Caffe Nero’s decision to stop stocking milk from dairy farms in badger cull areas has provoked outcry among British farmers. The threat of Bovine Tuberculosis (TB) will always be a worry for cattle farmers nationwide. For many, the relief that the farm is TB-free can soon be quashed by the next annual herd test that reveals infected cattle. And TB is not like tetanus, where a magic three-second injection can wipe out all of this fear. There is currently no licensed vaccination for it, and it’s unlikely that we’re going to get one soon.
From compulsory slaughterings to restrictions on livestock trade, a TB-infected farm is an economically damaged one. And when the average dairy farmer earns an annual salary of just £20,000, often putting in 100-hour working weeks, economic damage cannot simply be shrugged off. Furthermore, the impact that the stress of a TB infection can have on mental health is certainly underestimated.
Since badgers are one of the main natural carriers of TB, it’s highly understandable that the animal is at the front of this debate. Without a vaccination, there are two options here; operate annual culls of cattle with TB or stem the issue at its root and cull the badgers.
We’ve already seen the devastation that cattle culling can bring to the nation’s farmers and the rural economy through the Foot and Mouth Outbreak in 2001, where it is estimated that 745,000 cattle were culled in less than seven months. And when milk and beef have respective 16.1 per cent and 12 per cent shares in the agricultural economy alone, we can’t afford to lose our cows anytime soon.
I’m not in denial of the importance of our environment. We should all try to maintain harmony within our ecosystems, and I’m sure many environmentalists will be quick to point out the impact that a badger cull could have on the food chain. But it’s easy to forget that cattle are not only an economic asset but part of our national ecosystem too. And allowing environmental issues to compromise economic strength is certainly a step too far.
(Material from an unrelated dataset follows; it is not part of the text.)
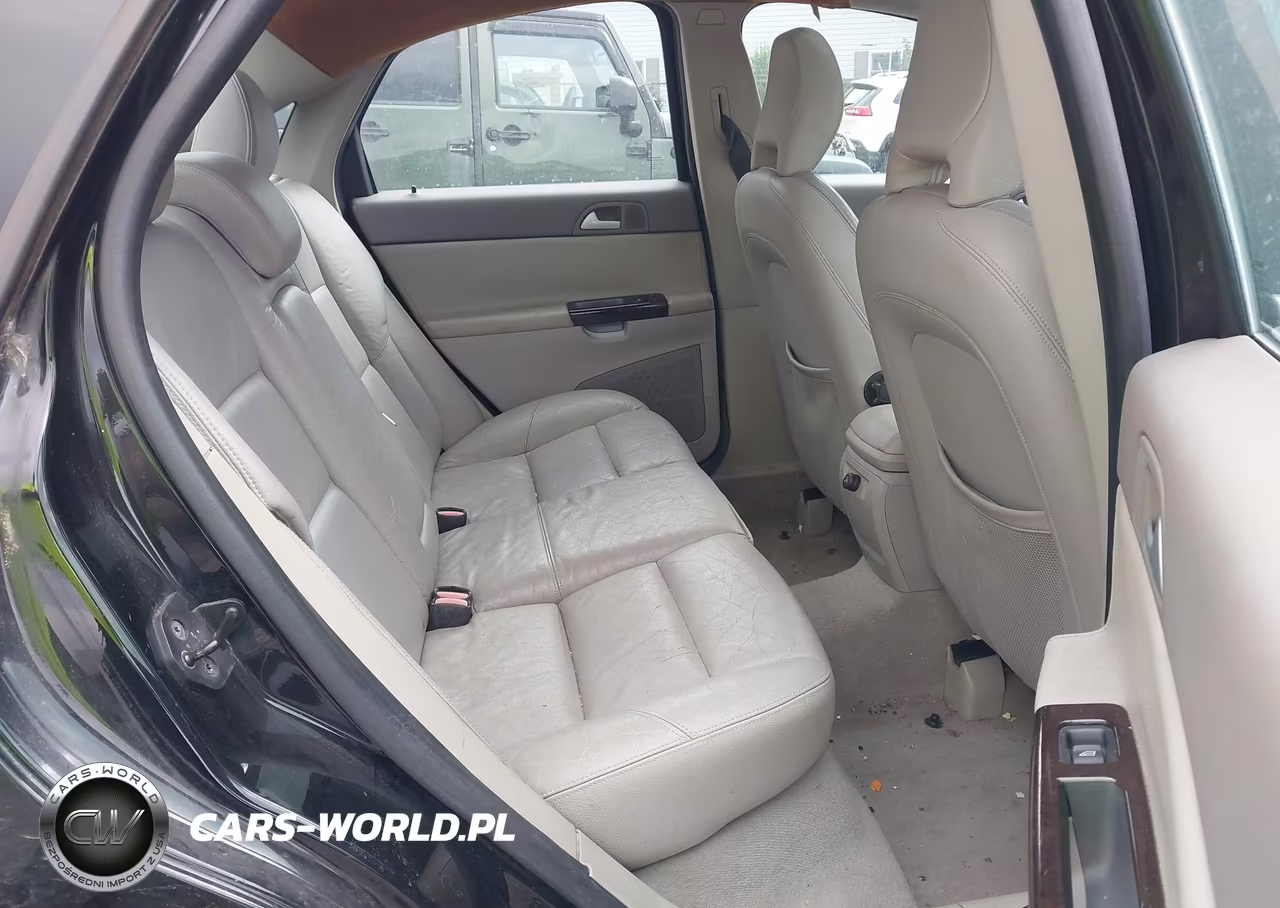2005 Volvo S40 2.4I A-2.4I A Sr-2.4I M-2.4I M Sr VIN:YV1MS382052077637 - 8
One organisation that appears to have taken this step is Caffè Nero. While their latest decision to boycott milk from farms in Somerset and Gloucestershire has been welcomed by environmental campaigners, this announcement appears to be more of a raising of the white flag than a genuine helping hand of support.
Having not paid a single penny of corporation tax since 2008, despite racking up sales of £1.2 billion, Caffè Nero’s prospects of further profits are looking more skinny latte than cappuccino grande.
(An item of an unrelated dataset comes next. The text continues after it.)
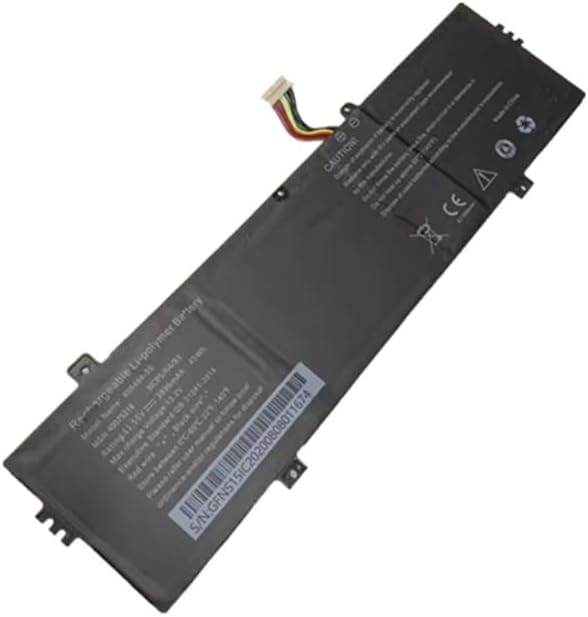 456484-3S 40075218 Medion E14303 E14304 E15303 E15309 MD62063 MD62021 batteria compatibile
Really, they don’t give a damn about badgers, or cows, for that matter. Siding with the environmentalists is just a tragically helpless last-ditch attempt at winning back some custom. And the irony of it all? In trying to save their business, they are willing to compromise their key product, in favour of a few badgers. It’s laughable – it really is.
Hardworking British famers cannot be allowed to lose any more. Supermarkets are constantly driving the prices of fresh, local produce lower and lower, crushing local farmers in the scenes of corporate competition.
And when tax-evading juggernauts such as Caffè Nero jump on the bandwagon to reconcile their own reputation, our rural industries will only decline further. I certainly don’t want my next caramel latte to be made with Chinese milk.